数秒かも知れないし、数分であったかもしれない程度の時を置き、アイエフは続けて呟くのだった。
「……ねえ。さっき、不安だって言ってたでしょう? それでも、あんたは信じなさい。自分が選んで、作ったこの未来を。世界を、国民をね」
「はい、分かっています。今はもう、私が。この国の女神ですから」
「あんたは良くやってるわよ。この五十年、本当に頑張ったわ」
「それは、皆や、国民の人達が支えてくれたからです」
「そうね。私だって、ずっとそうしてあげていたいけれど……もうそろそろ、コンパや皆のところへ逝かないといけないみたいだから」
言いながら、アイエフは窓の外を眺めた。
折りしも斜陽の時は終わり、夜が訪れようとしていた。
窓辺から差し込むのは、焦げた茜色では無く冷暗たる闇であった。老婆の、その浅緑色の瞳を照らす。

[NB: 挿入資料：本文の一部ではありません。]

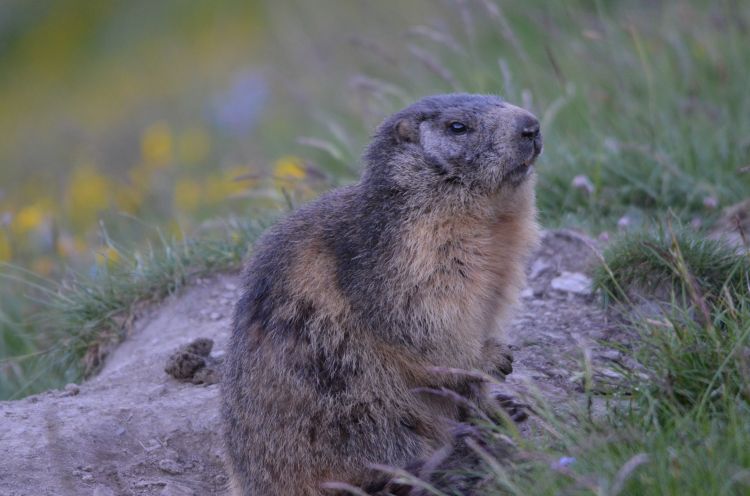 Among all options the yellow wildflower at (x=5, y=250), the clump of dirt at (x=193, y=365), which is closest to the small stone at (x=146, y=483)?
the clump of dirt at (x=193, y=365)

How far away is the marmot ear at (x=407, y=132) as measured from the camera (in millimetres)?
3912

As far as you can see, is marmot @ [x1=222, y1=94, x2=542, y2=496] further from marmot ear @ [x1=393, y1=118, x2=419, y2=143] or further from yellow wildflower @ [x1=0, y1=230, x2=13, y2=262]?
yellow wildflower @ [x1=0, y1=230, x2=13, y2=262]

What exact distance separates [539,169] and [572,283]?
1.26 meters

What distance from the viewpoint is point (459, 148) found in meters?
3.83

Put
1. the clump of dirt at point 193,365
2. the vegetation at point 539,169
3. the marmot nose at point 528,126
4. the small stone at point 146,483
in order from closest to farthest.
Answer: the vegetation at point 539,169, the marmot nose at point 528,126, the small stone at point 146,483, the clump of dirt at point 193,365

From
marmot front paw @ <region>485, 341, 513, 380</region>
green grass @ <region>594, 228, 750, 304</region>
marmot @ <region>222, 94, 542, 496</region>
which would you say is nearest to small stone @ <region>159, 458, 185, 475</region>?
marmot @ <region>222, 94, 542, 496</region>

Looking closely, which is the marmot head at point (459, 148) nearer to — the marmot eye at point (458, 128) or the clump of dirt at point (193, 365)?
the marmot eye at point (458, 128)

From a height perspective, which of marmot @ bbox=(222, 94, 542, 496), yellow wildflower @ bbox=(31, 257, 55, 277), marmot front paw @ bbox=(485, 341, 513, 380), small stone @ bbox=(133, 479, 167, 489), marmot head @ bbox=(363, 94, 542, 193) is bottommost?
small stone @ bbox=(133, 479, 167, 489)

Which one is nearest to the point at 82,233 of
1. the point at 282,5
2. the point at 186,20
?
the point at 282,5

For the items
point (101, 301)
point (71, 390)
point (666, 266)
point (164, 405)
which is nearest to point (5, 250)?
point (101, 301)

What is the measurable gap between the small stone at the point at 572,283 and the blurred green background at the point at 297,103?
1.71 ft

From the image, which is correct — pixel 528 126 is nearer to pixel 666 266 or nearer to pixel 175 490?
pixel 666 266

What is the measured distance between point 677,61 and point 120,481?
502cm

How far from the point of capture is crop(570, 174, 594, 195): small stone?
560cm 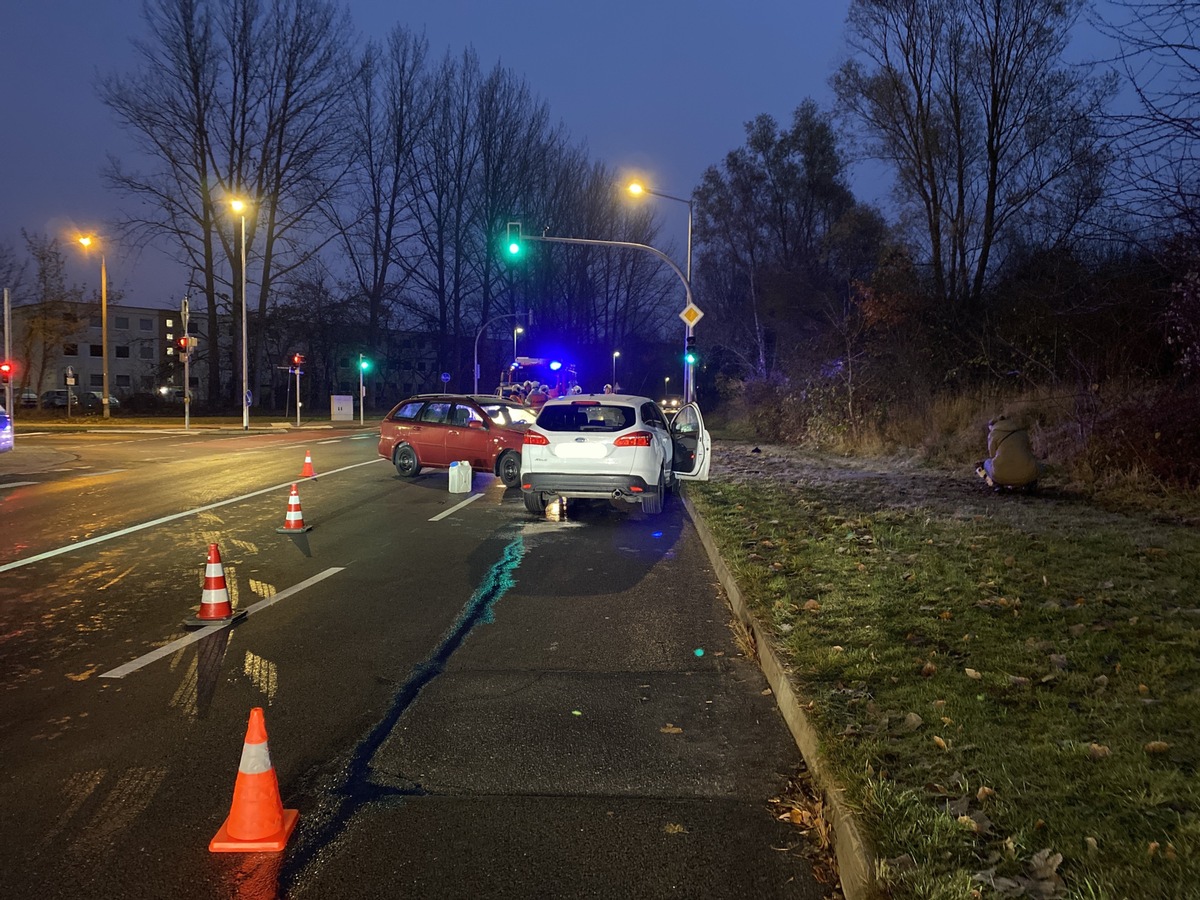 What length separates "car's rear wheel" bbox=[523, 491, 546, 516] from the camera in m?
11.8

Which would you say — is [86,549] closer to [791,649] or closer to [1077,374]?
[791,649]

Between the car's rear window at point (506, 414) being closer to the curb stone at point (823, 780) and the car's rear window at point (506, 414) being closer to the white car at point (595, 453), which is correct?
the white car at point (595, 453)

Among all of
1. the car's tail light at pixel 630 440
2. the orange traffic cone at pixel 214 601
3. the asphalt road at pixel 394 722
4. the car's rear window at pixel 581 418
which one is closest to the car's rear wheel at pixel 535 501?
the car's rear window at pixel 581 418

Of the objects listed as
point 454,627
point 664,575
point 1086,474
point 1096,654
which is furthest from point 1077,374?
point 454,627

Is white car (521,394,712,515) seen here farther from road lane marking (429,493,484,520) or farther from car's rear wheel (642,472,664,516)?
road lane marking (429,493,484,520)

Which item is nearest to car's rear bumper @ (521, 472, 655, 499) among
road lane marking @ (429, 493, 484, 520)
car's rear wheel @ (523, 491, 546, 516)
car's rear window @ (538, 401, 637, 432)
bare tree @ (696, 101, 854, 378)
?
car's rear wheel @ (523, 491, 546, 516)

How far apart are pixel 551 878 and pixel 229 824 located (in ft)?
4.44

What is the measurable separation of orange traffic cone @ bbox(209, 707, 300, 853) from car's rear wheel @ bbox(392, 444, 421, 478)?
13.2 meters

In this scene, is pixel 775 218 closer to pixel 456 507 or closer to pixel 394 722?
pixel 456 507

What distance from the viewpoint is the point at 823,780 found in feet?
12.4

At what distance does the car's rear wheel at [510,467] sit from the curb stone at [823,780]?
871 centimetres

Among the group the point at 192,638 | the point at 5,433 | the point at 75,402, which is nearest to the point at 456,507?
the point at 192,638

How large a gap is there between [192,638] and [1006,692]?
5530 mm

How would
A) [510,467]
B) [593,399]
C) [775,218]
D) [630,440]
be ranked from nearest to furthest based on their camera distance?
[630,440] → [593,399] → [510,467] → [775,218] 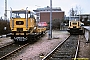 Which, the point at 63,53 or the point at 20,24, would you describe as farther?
the point at 20,24

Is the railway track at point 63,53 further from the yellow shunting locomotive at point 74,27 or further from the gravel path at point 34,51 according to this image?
the yellow shunting locomotive at point 74,27

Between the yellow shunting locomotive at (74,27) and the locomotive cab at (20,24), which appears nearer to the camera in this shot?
the locomotive cab at (20,24)

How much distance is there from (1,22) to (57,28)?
23.8 meters

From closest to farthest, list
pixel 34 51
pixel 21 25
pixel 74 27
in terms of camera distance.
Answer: pixel 34 51
pixel 21 25
pixel 74 27

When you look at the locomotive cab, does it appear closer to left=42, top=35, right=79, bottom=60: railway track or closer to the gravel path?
the gravel path

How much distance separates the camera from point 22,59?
456 inches

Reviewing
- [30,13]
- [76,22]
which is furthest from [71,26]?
[30,13]

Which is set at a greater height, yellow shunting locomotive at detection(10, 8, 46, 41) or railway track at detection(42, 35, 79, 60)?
yellow shunting locomotive at detection(10, 8, 46, 41)

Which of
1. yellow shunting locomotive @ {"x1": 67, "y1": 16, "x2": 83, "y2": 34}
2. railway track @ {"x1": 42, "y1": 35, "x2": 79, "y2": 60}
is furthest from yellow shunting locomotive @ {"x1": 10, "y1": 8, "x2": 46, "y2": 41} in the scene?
yellow shunting locomotive @ {"x1": 67, "y1": 16, "x2": 83, "y2": 34}

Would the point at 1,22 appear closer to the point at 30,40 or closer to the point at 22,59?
the point at 30,40

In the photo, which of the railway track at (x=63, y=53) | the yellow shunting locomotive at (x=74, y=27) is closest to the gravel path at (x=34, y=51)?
the railway track at (x=63, y=53)

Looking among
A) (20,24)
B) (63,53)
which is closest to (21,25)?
(20,24)

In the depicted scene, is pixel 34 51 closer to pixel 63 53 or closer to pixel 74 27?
pixel 63 53

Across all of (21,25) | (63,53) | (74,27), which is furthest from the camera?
(74,27)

落とされた夜の帳に抗わんと、プラネテューヌの都市中で明かりが灯されてゆく。
星空を地上に堕としたかのごとき、壮麗なるプラネテューヌの夜景。
私もほどなくして、あの星の一つになるのだとでも言うかのように……アイエフは告げた。
「さて。今日はもう、眠ろうかしら。ごめんなさいね。呼んだのはこっちなのに」
「いえ、こっちこそ色々お話ししてもらって、ありがとうございました」
「別に、お礼を言われるほどじゃないわよ」
「もしかして、今日アイエフさんがしたかった話って、そのことなんですか?」
「さあて、どうかしらね。しっかりやりなさい? ネプギ……いいえ、『パープルハート様』」
最後にアイエフは、名を呼んだ。
こちらの、本来の名ではなく。
この国を治める者として引継ぎ、今や自分を表す神号となった女神としての名を。
そしてそれが、その数日後に息を引き取ったその老女、アイエフとの最後の会話であった。
実に、数百数十年ほど前の出来事であり……目覚める直前、最初に思い出したのは、そのような、記憶の夢であった。